**INFORMATION SUPPLIED:**
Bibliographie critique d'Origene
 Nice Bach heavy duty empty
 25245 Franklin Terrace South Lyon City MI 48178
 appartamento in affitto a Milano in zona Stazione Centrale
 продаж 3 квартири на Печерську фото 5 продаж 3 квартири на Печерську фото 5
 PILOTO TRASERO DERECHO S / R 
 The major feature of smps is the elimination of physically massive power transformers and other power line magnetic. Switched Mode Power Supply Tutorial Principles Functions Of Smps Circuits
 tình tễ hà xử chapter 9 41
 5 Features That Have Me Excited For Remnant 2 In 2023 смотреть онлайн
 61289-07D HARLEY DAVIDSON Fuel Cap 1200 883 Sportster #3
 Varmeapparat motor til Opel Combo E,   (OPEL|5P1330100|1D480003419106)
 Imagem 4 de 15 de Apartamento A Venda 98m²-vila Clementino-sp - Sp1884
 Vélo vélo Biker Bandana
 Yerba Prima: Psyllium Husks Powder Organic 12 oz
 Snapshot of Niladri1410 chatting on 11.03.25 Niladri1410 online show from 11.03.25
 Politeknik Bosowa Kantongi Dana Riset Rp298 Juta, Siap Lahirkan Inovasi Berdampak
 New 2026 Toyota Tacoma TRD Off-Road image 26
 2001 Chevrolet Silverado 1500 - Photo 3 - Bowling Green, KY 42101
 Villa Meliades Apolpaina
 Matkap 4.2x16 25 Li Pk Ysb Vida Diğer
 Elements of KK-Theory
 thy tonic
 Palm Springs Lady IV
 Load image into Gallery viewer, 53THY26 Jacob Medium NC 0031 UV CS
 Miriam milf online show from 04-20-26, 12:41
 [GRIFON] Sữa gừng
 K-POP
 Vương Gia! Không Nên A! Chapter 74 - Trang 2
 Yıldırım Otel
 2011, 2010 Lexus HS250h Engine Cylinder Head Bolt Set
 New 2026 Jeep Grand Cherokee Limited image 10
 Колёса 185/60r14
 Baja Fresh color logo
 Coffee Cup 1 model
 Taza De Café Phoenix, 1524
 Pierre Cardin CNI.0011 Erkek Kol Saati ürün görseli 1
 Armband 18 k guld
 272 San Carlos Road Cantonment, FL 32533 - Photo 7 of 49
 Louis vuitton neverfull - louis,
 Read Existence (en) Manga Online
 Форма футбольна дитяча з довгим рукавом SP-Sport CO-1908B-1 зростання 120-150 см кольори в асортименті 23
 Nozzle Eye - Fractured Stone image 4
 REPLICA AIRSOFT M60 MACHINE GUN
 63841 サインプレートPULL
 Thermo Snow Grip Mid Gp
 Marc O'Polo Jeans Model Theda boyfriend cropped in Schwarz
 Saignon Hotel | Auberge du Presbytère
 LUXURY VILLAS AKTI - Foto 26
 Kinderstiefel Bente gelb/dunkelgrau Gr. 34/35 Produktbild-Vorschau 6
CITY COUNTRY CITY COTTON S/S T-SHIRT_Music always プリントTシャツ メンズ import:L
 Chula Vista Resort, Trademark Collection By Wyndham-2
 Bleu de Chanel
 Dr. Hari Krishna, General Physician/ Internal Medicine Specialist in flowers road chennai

**PROBLEM TO SOLVE:**
Exact reproduction of the lines from the top of the material through the line where "Politeknik Bosowa Kantongi" appears is required, both boundary lines included, with no other output.

**WORKED SOLUTION:**
Bibliographie critique d'Origene
 Nice Bach heavy duty empty
 25245 Franklin Terrace South Lyon City MI 48178
 appartamento in affitto a Milano in zona Stazione Centrale
 продаж 3 квартири на Печерську фото 5 продаж 3 квартири на Печерську фото 5
 PILOTO TRASERO DERECHO S / R 
 The major feature of smps is the elimination of physically massive power transformers and other power line magnetic. Switched Mode Power Supply Tutorial Principles Functions Of Smps Circuits
 tình tễ hà xử chapter 9 41
 5 Features That Have Me Excited For Remnant 2 In 2023 смотреть онлайн
 61289-07D HARLEY DAVIDSON Fuel Cap 1200 883 Sportster #3
 Varmeapparat motor til Opel Combo E,   (OPEL|5P1330100|1D480003419106)
 Imagem 4 de 15 de Apartamento A Venda 98m²-vila Clementino-sp - Sp1884
 Vélo vélo Biker Bandana
 Yerba Prima: Psyllium Husks Powder Organic 12 oz
 Snapshot of Niladri1410 chatting on 11.03.25 Niladri1410 online show from 11.03.25
 Politeknik Bosowa Kantongi Dana Riset Rp298 Juta, Siap Lahirkan Inovasi Berdampak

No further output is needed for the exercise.